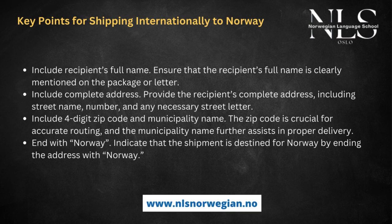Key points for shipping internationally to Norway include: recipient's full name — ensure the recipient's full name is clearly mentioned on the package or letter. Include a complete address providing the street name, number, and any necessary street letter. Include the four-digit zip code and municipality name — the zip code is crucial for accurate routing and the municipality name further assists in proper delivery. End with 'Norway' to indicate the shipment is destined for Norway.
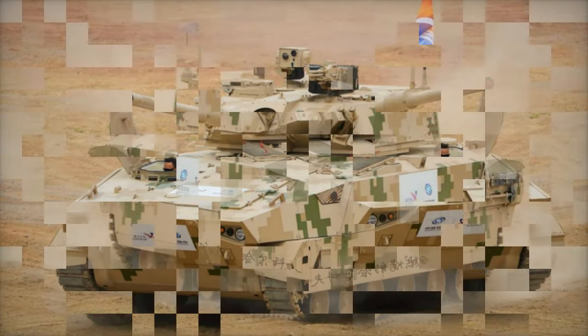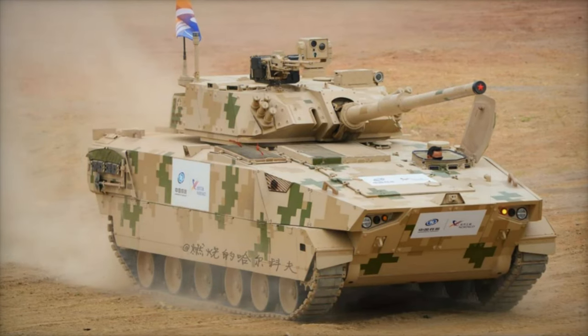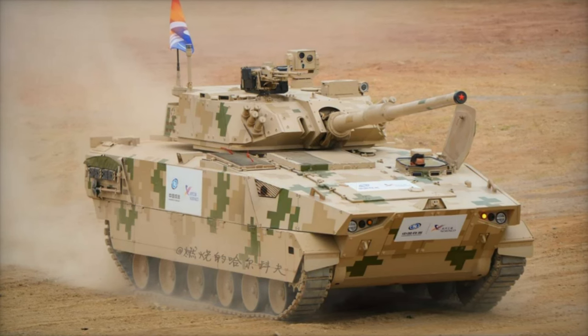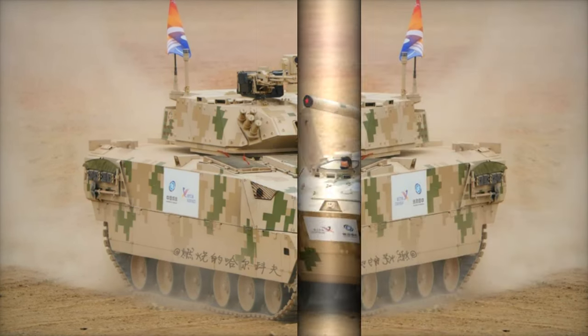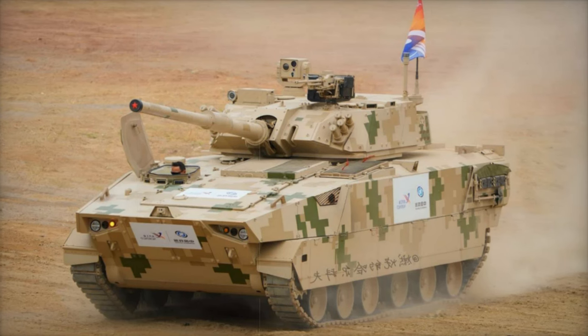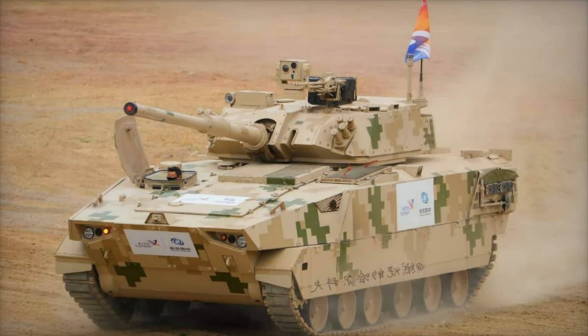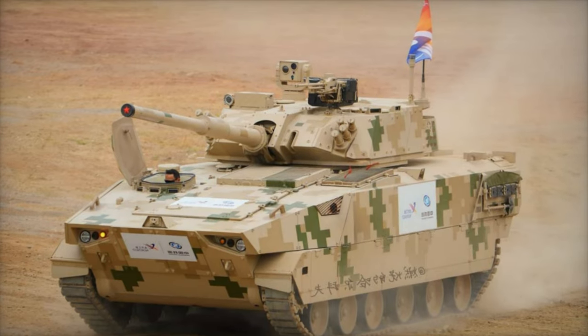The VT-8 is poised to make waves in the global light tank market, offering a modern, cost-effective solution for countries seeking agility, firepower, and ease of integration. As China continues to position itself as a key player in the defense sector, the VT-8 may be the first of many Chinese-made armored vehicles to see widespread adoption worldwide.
____________
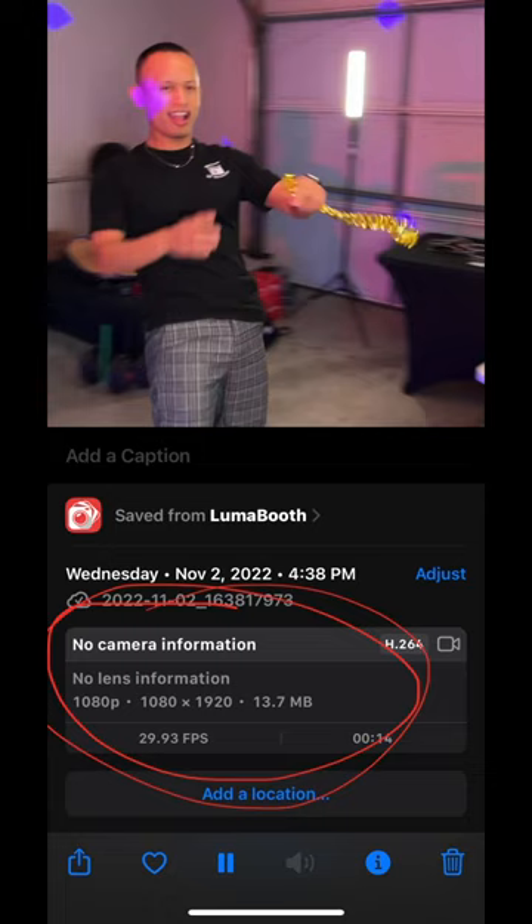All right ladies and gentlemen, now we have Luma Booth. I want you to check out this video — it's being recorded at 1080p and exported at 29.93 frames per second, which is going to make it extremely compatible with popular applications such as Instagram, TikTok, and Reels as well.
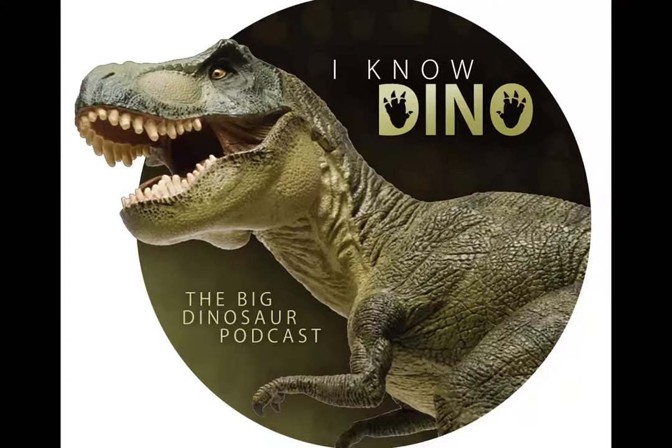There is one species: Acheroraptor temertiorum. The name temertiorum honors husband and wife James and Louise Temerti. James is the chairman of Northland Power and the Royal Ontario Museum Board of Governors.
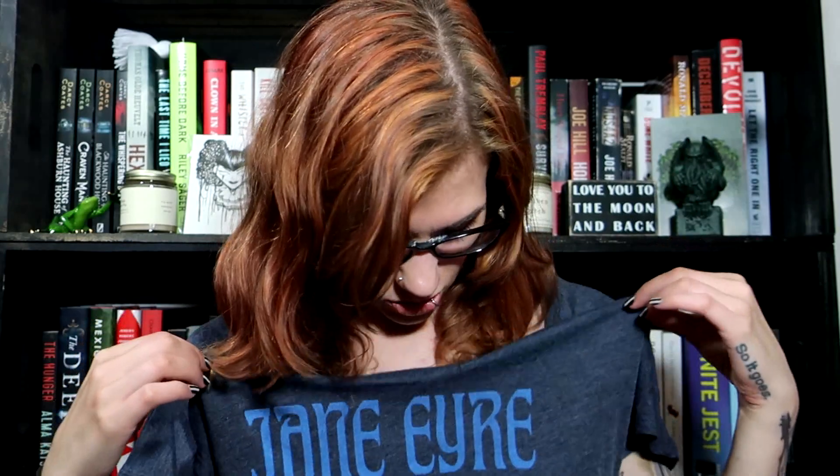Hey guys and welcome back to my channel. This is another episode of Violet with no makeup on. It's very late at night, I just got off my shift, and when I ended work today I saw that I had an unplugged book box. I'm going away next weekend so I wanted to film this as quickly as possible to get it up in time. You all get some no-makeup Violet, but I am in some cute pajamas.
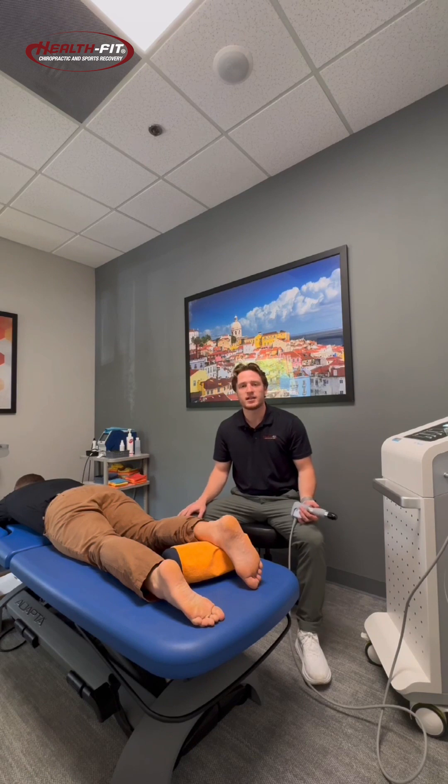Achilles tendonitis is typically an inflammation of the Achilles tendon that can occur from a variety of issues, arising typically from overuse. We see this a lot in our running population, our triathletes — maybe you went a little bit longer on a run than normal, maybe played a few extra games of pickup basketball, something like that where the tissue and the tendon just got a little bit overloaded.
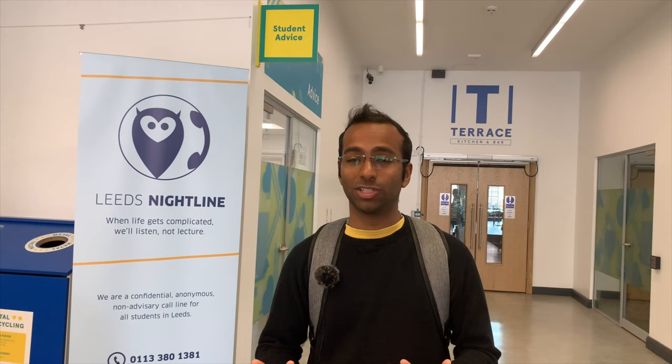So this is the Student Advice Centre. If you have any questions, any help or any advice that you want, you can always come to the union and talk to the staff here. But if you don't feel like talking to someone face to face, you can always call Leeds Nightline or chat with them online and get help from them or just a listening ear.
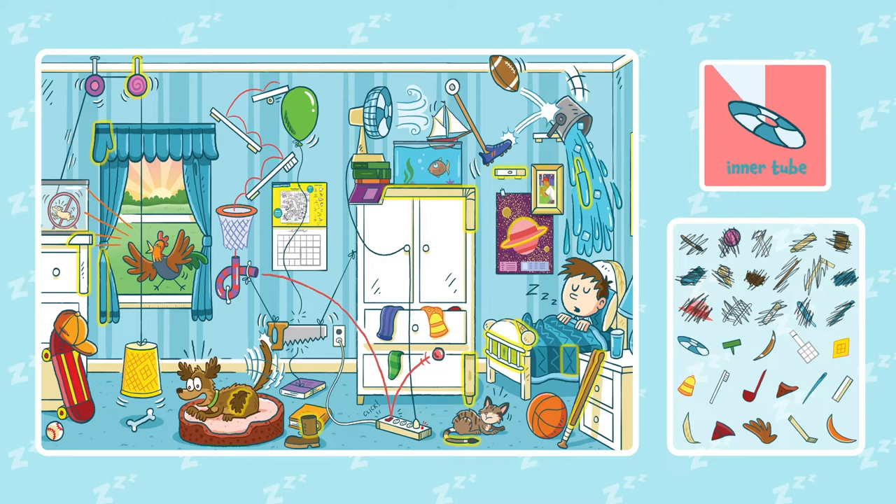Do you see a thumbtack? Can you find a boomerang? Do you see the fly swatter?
____________
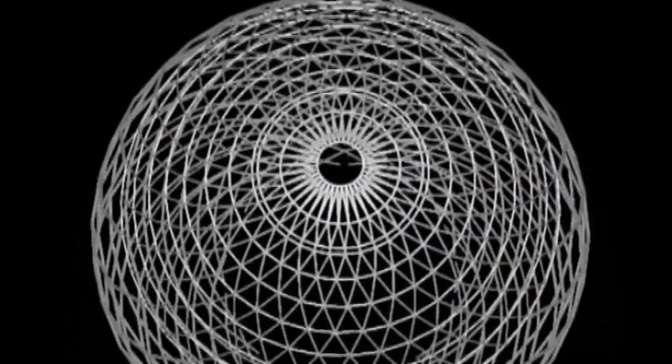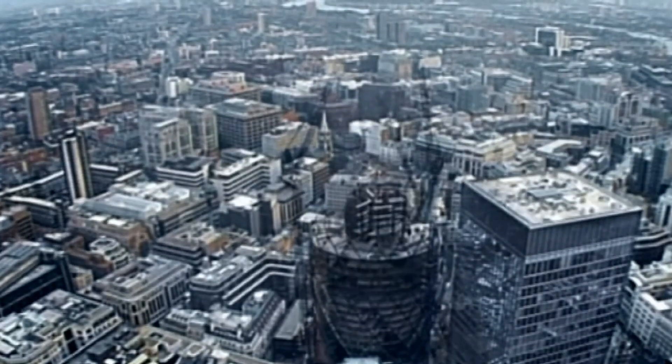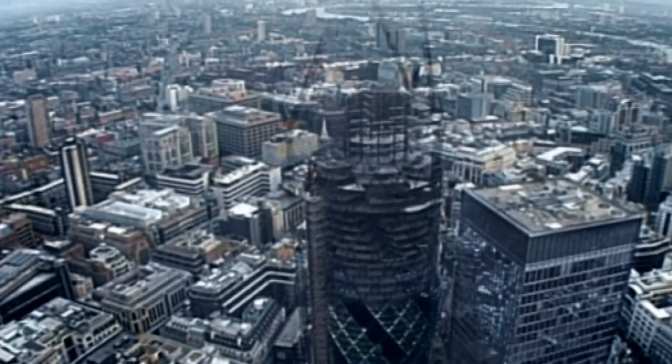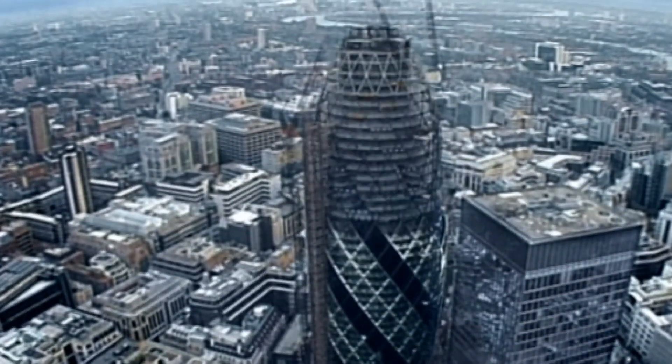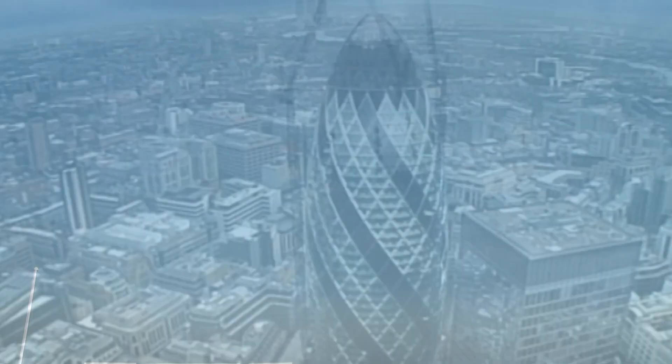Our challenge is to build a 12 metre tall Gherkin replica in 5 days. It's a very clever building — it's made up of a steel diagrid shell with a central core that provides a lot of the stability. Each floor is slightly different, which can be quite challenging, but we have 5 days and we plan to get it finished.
____________
● **Task brief**:
Copy exactly, without pictures, the lines above from the one with "Achilles tendonitis is" down to the one with "Do you see a", inclusive.

● **Output of the task**:
Achilles tendonitis is typically an inflammation of the Achilles tendon that can occur from a variety of issues, arising typically from overuse. We see this a lot in our running population, our triathletes — maybe you went a little bit longer on a run than normal, maybe played a few extra games of pickup basketball, something like that where the tissue and the tendon just got a little bit overloaded.
So this is the Student Advice Centre. If you have any questions, any help or any advice that you want, you can always come to the union and talk to the staff here. But if you don't feel like talking to someone face to face, you can always call Leeds Nightline or chat with them online and get help from them or just a listening ear.
Do you see a thumbtack? Can you find a boomerang? Do you see the fly swatter?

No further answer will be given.